Особенности метаболизма триптофана и его влияние на поведение и физиологические параметры мышей, гетерозиготных по гену трн2
Алиментарно-зависимые заболевания, проявляющиеся ожирением и являющиеся следствием развития метаболического синдрома, бесспорно занимают в структуре заболеваний многих стран мира существенную долю, затрагивая значительную часть населения и являясь одной из основных причин снижения качества жизни [1-3]. За последнее десятилетие все больше исследований направлено на изучение ожирения и метаболических сбоев на клеточном уровне [4]. Психоэмоциональная нестабильность, наблюдаемая при депрессивных и тревожных эпизодах, опосредованно влияет на проявление многих заболеваний, одним из которых является метаболический синдром. Однако, природа коморбидности данных заболеваний до сих пор вызывает много вопросов.
Серотонинергическая система образует диффузную сеть в центральной нервной системе и играет важную роль в регуляции настроения и познания. Манипулирование уровнями триптофана, путем истощения или добавления, является экспериментальной процедурой изменения периферических и центральных уровней серотонина [1].
Триптофан — незаменимая аминокислота, содержащаяся во многих белковых продуктах и диетических белках [5]. Помимо своей роли в образовании белка, триптофан является предшественником ряда метаболитов, прежде всего кинуренина и нейротрансмиттера серотонина [6].
Синтез серотонина происходит на периферии в нейронах кишечника и энтерохромаффинных клетках и центрально в нейронах шва в стволе головного мозга. Для центральной выработки серотонина триптофану сначала необходимо получить доступ к центральной нервной системе (ЦНС) через гематоэнцефалический барьер [1]. Триптофан является субстратом для большой нейтральной системы переносчика аминокислот и конкурирует за транспорт с несколькими другими аминокислотами, необходимыми для функционирования мозга. Эта конкуренция за транспорт является основой для некоторых диет с острым истощением триптофана.
Общепризнано, что большая часть нашего триптофана связана с альбумином плазмы и, следовательно, недоступна для транспортировки в мозг. Это обычно ограничивает триптофан, доступный для центрального синтеза серотонина, но высвобождение триптофана из этого пула может увеличить транспорт.

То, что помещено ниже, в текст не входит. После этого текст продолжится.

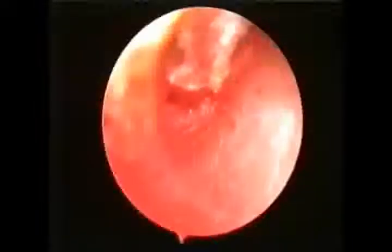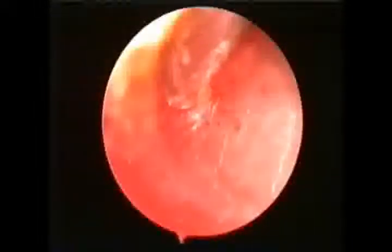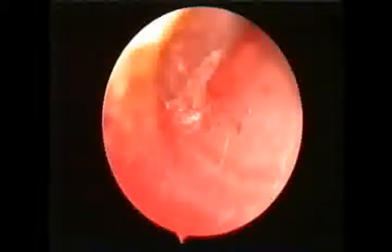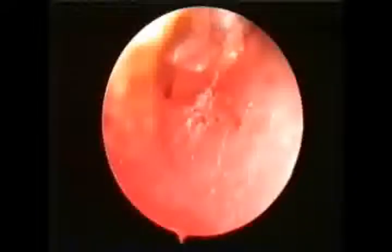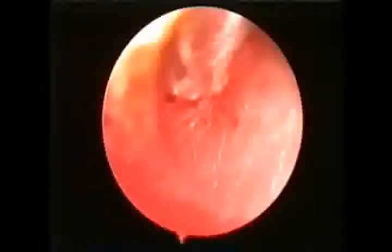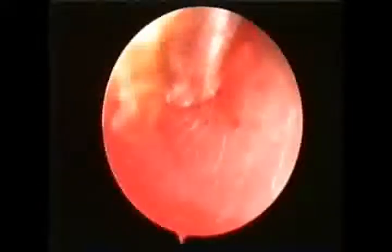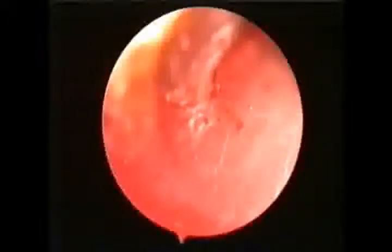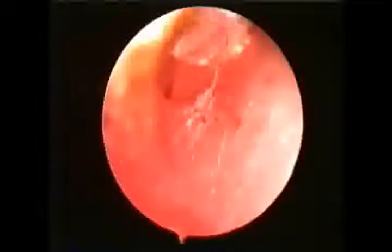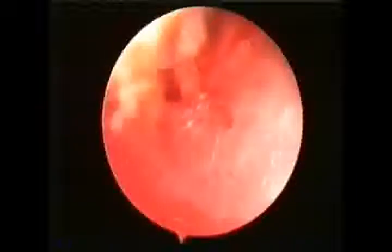Here you can see the glue emerging through the incision, and you can also see the fluid moving in the middle ear through the tympanic membrane. We continue suctioning of fluid till most or all of the fluid is cleared from the middle ear.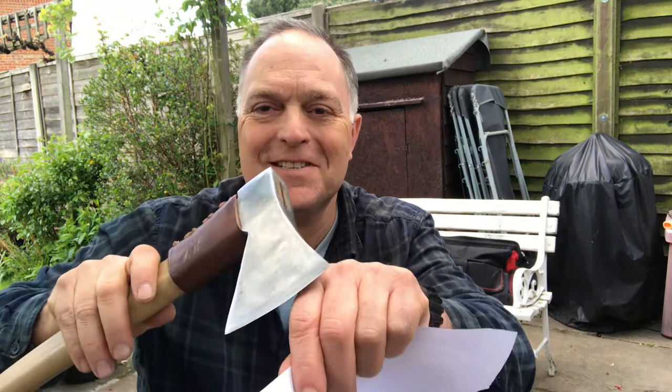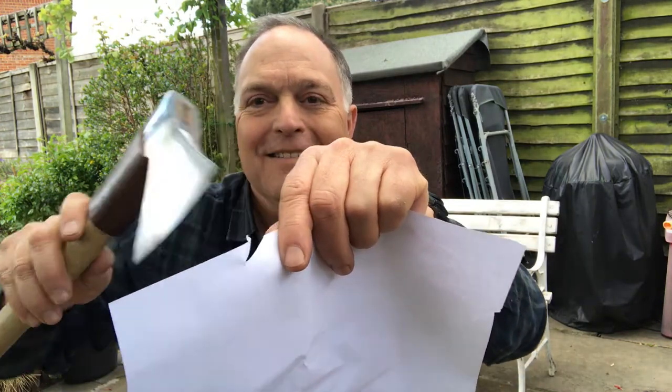So very happy with that. I suppose the final thing is to do the sharpness test — yep, sharp. So thanks for watching.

В дополнение к уровням свободного триптофана, результаты исследований физических упражнений показывают, что должны существовать другие, в настоящее время неизвестные, механизмы, контролирующие центральное поглощение триптофана [7-9] Ген TPH2 кодирует изофермент триптофангидроксилазы, который обнаруживается в серотонинергических нейронах головного мозга и является ферментом, ограничивающим скорость синтеза серотонина (5гидрокситриптамина или 5HTT) [10].
Для изучения уровня 5-HT в мозге был разработан ряд моделей животных с мутациями в генах, участвующих в передаче 5-HT и формировании серотонинергических нейронов. Одной из высокоточных моделей являются мыши-нокауты триптофан гидроксилазы-2 (TPH2), которая кодирует одноименный фермент и отвечает за скорость синтеза 5-HT из триптофана с использованием кислорода и тетрагидробиоптерина (BH4) в качестве субстратов и железа в качестве кофактора [11]. Фермент TPH2 экспрессируется нейронами в ядре шва головного мозга и играет роль в когнитивной деятельности и проявлении обсессивно-компульсивного расстройства [12].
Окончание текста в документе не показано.